Financial planning and brokerage businesses have not taken up the opportunities available through greater scale and more effective use of technology, according to new industry research.

Macquarie Group’s 2015/16 Accounting and Financial Services Benchmarking Report found that overall, businesses operating under Australian Financial Services licenses “continue to avoid the scale seen in other industries.”

One in four companies surveyed have a work-in-progress period of 45 days or more, which has direct implications for cash flow and working capital.

One in seven firms still use a time-intensive manual system for processing invoices.

“They recognise their shortcomings when it comes to efficiency and effective use of technology,” the report says.

Macquarie set out to discover what drives high performance firms in the industry. It surveyed financial planners, tax agents, life insurance brokers, self-managed superannuation fund administrators and auditors, share brokers and mortgage brokers.

It found that the most profitable companies are driving client value propositions and revenue by moving into “adjacent services”. For these companies the move to multi-disciplinary business models is accelerating.

The characteristics of high performance companies include a wide range of services, including tax and business services, SMSF compliance and audit, financial planning, SMSF administration, life insurance broking, mortgage broking, audit and share broking.

To a lesser extent, they offer leasing, insolvency, forensic accounting, general insurance broking and property services.

These services may be offered in-house, by referral, through a joint venture partner or outsourced.

For large businesses, the services that are most likely to be offered in-house include tax and business services, SMSF compliance and auditing, SMSF administration and financial planning.

Smaller businesses (with revenue of less than $2 million a year) are more likely to be specialists.
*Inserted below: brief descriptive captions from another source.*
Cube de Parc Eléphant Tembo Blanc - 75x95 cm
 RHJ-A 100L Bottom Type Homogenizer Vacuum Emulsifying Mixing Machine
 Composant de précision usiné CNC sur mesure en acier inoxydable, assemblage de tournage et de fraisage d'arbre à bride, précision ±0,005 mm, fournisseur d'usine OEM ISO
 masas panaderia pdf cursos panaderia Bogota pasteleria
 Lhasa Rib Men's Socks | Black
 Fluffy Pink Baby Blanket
A large proportion of these companies also have referral arrangements to fill out their service offerings.

For small companies, the services that are most likely to be offered in-house include financial planning and life insurance broking.

The high performance businesses in the survey were well established, with an average of 20 years in operation.

Respondents say the three things that drive growth in earnings are the creation of value for existing customers, technology to drive efficiency and retention of key staff.

The employee attrition rate among respondents is 15 per cent. There is a war for talent and the big firms are winning. Salaries increase across the board for every role as the size of a company grows.

One third of companies don’t offer any additional incentives to reward and retain staff.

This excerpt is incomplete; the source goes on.